I’m going to tell you a story.
I was once in a relationship with an awesome guy who I really loved. He was sweet, attentive, hardworking… but had absolutely no desire to travel. Though I knew it was going to be an issue, we stayed together for several years. At first, he was awesome about “letting me” travel.
But then the guilt trips began. Each time I started packing to travel, he would whine and complain about me leaving. He would call me constantly while I was gone. I prefer to take long trips and really immerse myself in other cultures. That was no longer possible.
In many ways, I felt trapped. I felt like I had to make a decision between having a very grown up, committed relationship with a man that I loved, or continuing to travel the world.
The more women I talk to about traveling, the more often this conversation comes up.

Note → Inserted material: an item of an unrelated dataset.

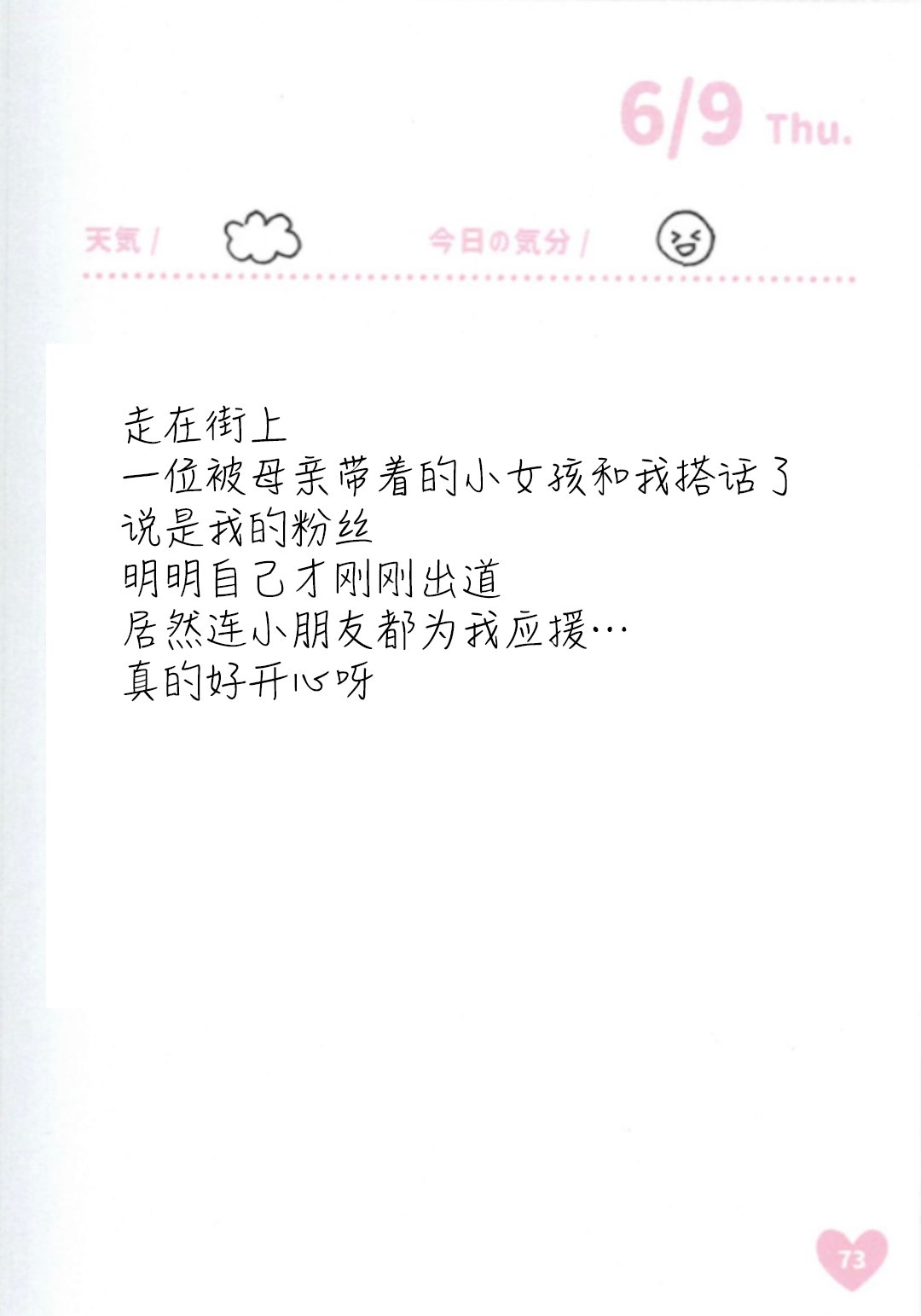 第04周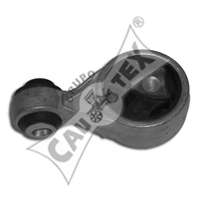 Подвеска, двигатель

After several years, a super painful breakup, and many, many missed travel opportunities, I’ve come up with a few ways to look at life if you’re in the same situation:
Evaluate What’s Important to You
I mean really important. Deep down important. Close your eyes and try to picture your life in five years: are you in a remote, tropical destination? Or are you surrounded by your husband and kids, and quite happy with that? Either path in life is fine, and hopefully, your future relationships will combine the two.
Accept that He May Never Change
I always just assumed that it was a matter of being bitten by the travel bug. Since my boyfriend hadn’t ever really traveled, he never knew how awesome it was. But I started realizing that he simply just wasn’t interested in traveling. Even when we started traveling (which took a lot of convincing on my part) he just wasn’t that into it. And that’s okay, just not for me.
Don’t Be Afraid to Do You
It can be scary to think of yourself and what you want when you’re with someone. Women are conditioned to think we’re supposed to say “we, we, we” as part of a couple, and when you go against the grain and just do you, you may meet some resistance or feel guilty or be called “selfish”. But how can you stay in a relationship when you’re not actually yourself at all? If traveling is really important to you, but not at all important to your partner, you’re going to have to make some decisions.
Your choices will be as follows: continue to travel the way you want and hope your relationship works out, decide to put traveling on the back-burner for a while and hope your relationship works out, or try to combine the two and hope your partner is supportive in that (i.e. no guilt trips). It sucks all around, but logically, the less certain item here–the thing you can never be sure will or will not work out– is your relationship.
Since relationships are always a gamble, you should absolutely travel. Maybe it will still work out when you return. Maybe you’re in a different kind of relationship than I was, and your partner totally supports your need to see the world. I can tell you one thing for sure: If you really want to travel (or do anything, for that matter) and you’re not because of your partner, a little piece of you will feel suffocated, and resentful.